- Fed, employment data, tweets from Trump
The first week of the New Year in the United States had a busy economic agenda. The Fed's minutes and employment data were closely watched, while tweets of the president-elect of the country, Donald Trump, also moved the markets.
The Federal Open Market Committee (FOMC) minutes, published Wednesday, indicated that the new administration's expansionary fiscal policies could cause interest rates to rise faster than anticipated.
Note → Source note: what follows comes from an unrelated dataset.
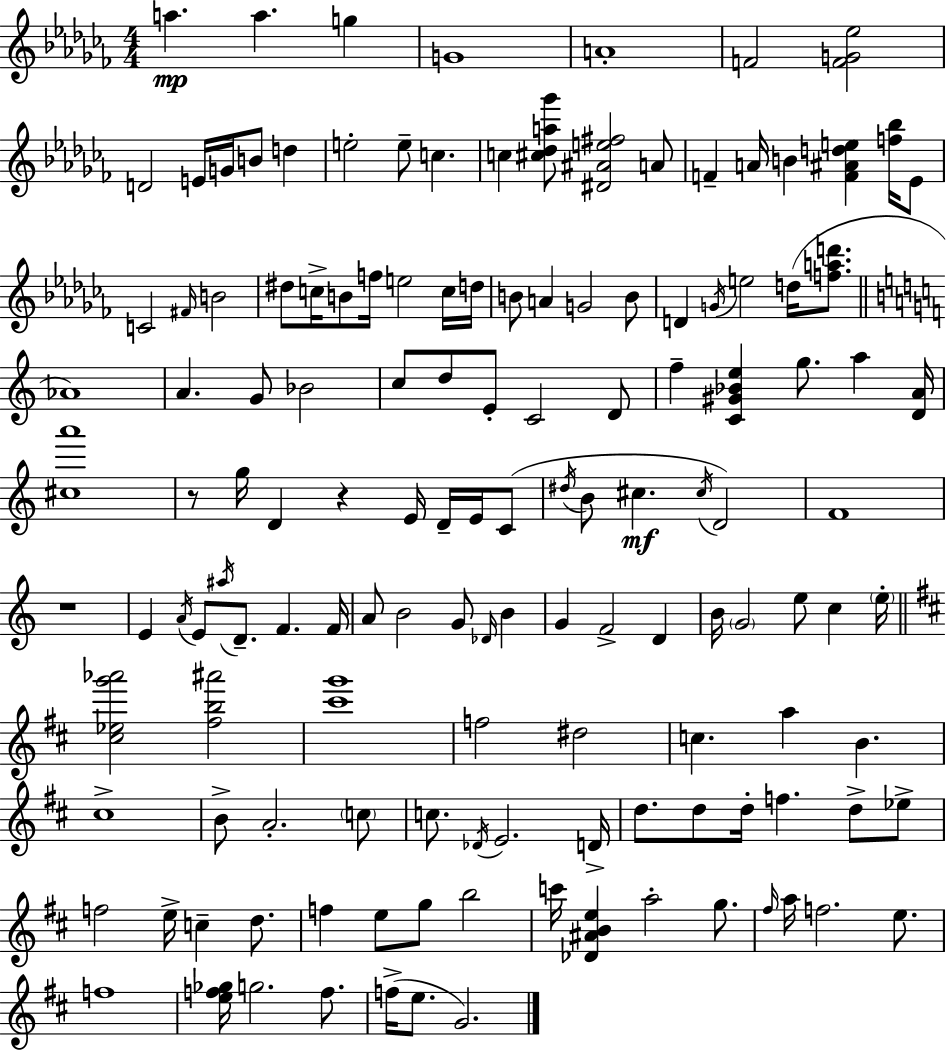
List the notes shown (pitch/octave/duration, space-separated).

A5/q. A5/q. G5/q G4/w A4/w F4/h [F4,G4,Eb5]/h D4/h E4/s G4/s B4/e D5/q E5/h E5/e C5/q. C5/q [C#5,Db5,A5,Gb6]/e [D#4,A#4,E5,F#5]/h A4/e F4/q A4/s B4/q [F4,A#4,D5,E5]/q [F5,Bb5]/s Eb4/e C4/h F#4/s B4/h D#5/e C5/s B4/e F5/s E5/h C5/s D5/s B4/e A4/q G4/h B4/e D4/q G4/s E5/h D5/s [F5,A5,D6]/e. Ab4/w A4/q. G4/e Bb4/h C5/e D5/e E4/e C4/h D4/e F5/q [C4,G#4,Bb4,E5]/q G5/e. A5/q [D4,A4]/s [C#5,A6]/w R/e G5/s D4/q R/q E4/s D4/s E4/s C4/e D#5/s B4/e C#5/q. C#5/s D4/h F4/w R/w E4/q A4/s E4/e A#5/s D4/e. F4/q. F4/s A4/e B4/h G4/e Db4/s B4/q G4/q F4/h D4/q B4/s G4/h E5/e C5/q E5/s [C#5,Eb5,G6,Ab6]/h [F#5,B5,A#6]/h [C#6,G6]/w F5/h D#5/h C5/q. A5/q B4/q. C#5/w B4/e A4/h. C5/e C5/e. Db4/s E4/h. D4/s D5/e. D5/e D5/s F5/q. D5/e Eb5/e F5/h E5/s C5/q D5/e. F5/q E5/e G5/e B5/h C6/s [Db4,A#4,B4,E5]/q A5/h G5/e. F#5/s A5/s F5/h. E5/e. F5/w [E5,F5,Gb5]/s G5/h. F5/e. F5/s E5/e. G4/h.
"Many participants noted that there was currently substantial uncertainty about the size, composition and timing of prospective fiscal policy changes, but they also commented that a more expansionary fiscal policy might raise aggregate demand above sustainable levels, potentially necessitating somewhat tighter monetary policy than currently anticipated," the minutes read.
In addition on Friday, three Fed officials signaled that the bank could be more "hawkish" in 2017 compared to the last two years. Among the bank's most "dovish" members, Chicago Fed President Charles Evans surprised the markets by saying that it is not implausible to raise interest rates three times this year. Richmond Fed President Jeffrey Lacker said the bank may have to raise interest rates this year faster than market expectations. In addition, Cleveland Fed Chairman Mester said she wants to see more than three rate hikes this year.
- Obama’s last employment report
Among the many data released during the week, December employment report was prominent.
According to official figures released on Friday, non-farm employment rose 156K in December, below expectations of 175K. Meanwhile, the unemployment rate rose to 4.7 percent, in line with expectations.
The average hourly wages increased by 0.4 percent month-on-month in December. The wage increase, which reached 2.9 percent on an annual basis, recorded its highest level since 2009. The Fed is closely monitoring wages for signs of inflation.
All in all, the last full employment report of Obama’s Presidency suggested that the job market is near full employment.
According to another report released in the country, factory orders have declined 2.4 percent in November, ending a four-month rise. Foreign trade deficit increased by 6.6 percent in the same period and reached its highest level in the last nine months.
In addition, the ISM Manufacturing Indices in the U.S. rose to 54.7 in December, showing that the industrial sector recorded its fastest growth in two years. The non-manufacturing ISM index remained stable at 57.2, maintaining its highest level in the past 14 months. The service sector PMI index in the country fell to 53.9 in December, in line with expectations.
- Trump's Tweets
Among other developments this week were Trump's attempts to prevent General Motors (GM) and Toyota from building factories in Mexico. Trump, who previously criticized U.S. defense giants Lockheed Martin and Boeing for the cost of the aircraft they manufactured, called on the two automotive giants to build in the U.S. or “pay big border tax".
The shares of GM and Toyota that traded on the New York stock market suffered losses after Trump's tweets.
Ford announced it was planning to cancel a $1.6 billion investment in Mexico after Trump's GM scare. The company has announced that instead of Mexico, it will invest $700 million in Michigan to create 700 new jobs.
- Fed officials to be monitored in the new week
This week, statements by Fed officials, especially Janet Yellen, will lead the economic agenda.
Yellen will meet with educators from different parts of the country at a conference in Washington on Thursday.
Other names expected to speak include Boston Fed President Eric Rosengren, Atlanta Fed President Dennis Lockhart, Philadelphia Fed President Patrick Harker, Louis Fed President James Bullard and Chicago Fed President Charles Evans.
In addition, retail sales, producer price index, wholesale inventories, JOLTS Open Jobs and consumer credits are among the data that will be released this week.